I circled my hand in the universal gesture for
Get on with it
.
“My point,” Freddy said, well, pointedly, “is just because
I
knew I wasn’t interested in anything serious didn’t mean
they
knew that. So, one learns to be diplomatic, darling.”
“Maybe you’re right and Brent was trying to let Lucas down easy. But Lucas didn’t think so. He thought Brent would choose him.”
“Ah,” Freddy said wistfully, “they always do, the dear things.”
“He was beginning to lose faith, though. Before the ‘time-out, ’ they were constantly in touch. Texting, on the phone. Brent’s director, Kristen, told me he’d seen Brent on the set making private phone calls—turns out he was right. Kristen thought the calls were to another production company, though, not another lover.
“When Brent said he needed some space, Lucas assumed it’d be a week or three. As it stretched into months, he became increasingly worried. Not that anything had happened to Brent, mind you. More that maybe Brent hadn’t chosen him after all.”
“Why didn’t Lucas just call him?”
“He promised not to. He’d already made the mistake of pursuing Brent too aggressively the first time around. He even thought Brent’s not calling might be some kind of test.”
“Lucas could have made the whole thing up,” Freddy offered, raising his hand to call over the cute waiter. The dark-haired, dark-eyed Latino was taking an order at an adjacent table. The waiter held up his index finger. One moment.
“Maybe he never did get back together with Brent. It could have been another of his fantasies.”

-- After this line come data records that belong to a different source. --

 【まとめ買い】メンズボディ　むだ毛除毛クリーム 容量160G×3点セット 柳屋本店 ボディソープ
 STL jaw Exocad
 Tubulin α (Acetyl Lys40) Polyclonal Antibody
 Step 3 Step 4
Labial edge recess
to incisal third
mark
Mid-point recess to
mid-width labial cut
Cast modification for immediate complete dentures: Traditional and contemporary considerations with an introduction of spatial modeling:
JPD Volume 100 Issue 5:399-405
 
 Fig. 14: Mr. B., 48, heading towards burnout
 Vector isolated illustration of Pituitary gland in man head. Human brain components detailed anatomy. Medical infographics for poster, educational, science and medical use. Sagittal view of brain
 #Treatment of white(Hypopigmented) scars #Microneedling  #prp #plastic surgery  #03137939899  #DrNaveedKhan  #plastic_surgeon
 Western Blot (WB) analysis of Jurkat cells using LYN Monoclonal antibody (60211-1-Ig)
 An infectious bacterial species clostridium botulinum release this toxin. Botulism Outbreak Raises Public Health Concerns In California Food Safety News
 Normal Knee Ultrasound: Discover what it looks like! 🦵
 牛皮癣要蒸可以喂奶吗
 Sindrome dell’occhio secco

“No, I don’t think so. Besides, Lucas knew something about Brent that I’d asked everyone and nobody could answer. Not even Charlie.”
“What was that?”
“His
real
last name.
Richie’s
last name. Dawson. He even had the phone number and address of Richie’s parents in Queens. Look.”
I took out from my backpack a picture of Brent’s that Lucas had given to me. It showed Brent, a girl a few years older than him, and his parents at Disney World, the four of them smiling like every other family smiles when you point a camera at them in Disney World. Brent looked like he was nine or ten at the time.
On the back, Brent had written his parents’ names and all their contact information. He also wrote a note:
Dear Mom and Dad,
If you ever get this, know that I
forgive you. I will always love you.
Your son,
Richie
“Why would Brent have given this to Lucas? Why not just send it to them himself?”
“That part’s weird. . . .” I began.
“Yeah,” Freddy said. “Thank god the story’s finally getting weird. Because the whole porn-star-hooked-on-drugs-and-sleeping-with-a-guy-who-just-happens-to-look-like-his-brother part was so wholesome I was getting bored.” He glared at the waiter, who gave an apologetic shrug and repeated his earlier gesture.
“I’m about to give him a finger, too,” Fred growled. “But a different one. Sorry, darling. You were saying . . .”
“Lucas said that for a few weeks before Brent’s disappearance, Brent seemed distracted. Moody. A little worried. At one point, he told Lucas he had the feeling something—or someone—was after him.”
The waiter came over. I got my first good look at him, and I suspected Freddy’s motivation for beckoning him over may have gone beyond just wanting to place an order. The server really was kind of spectacular. He had the smoldering looks of an Argentinian soccer player you’ve never heard of who then winds up modeling for a Versace campaign and dating Miley Cyrus.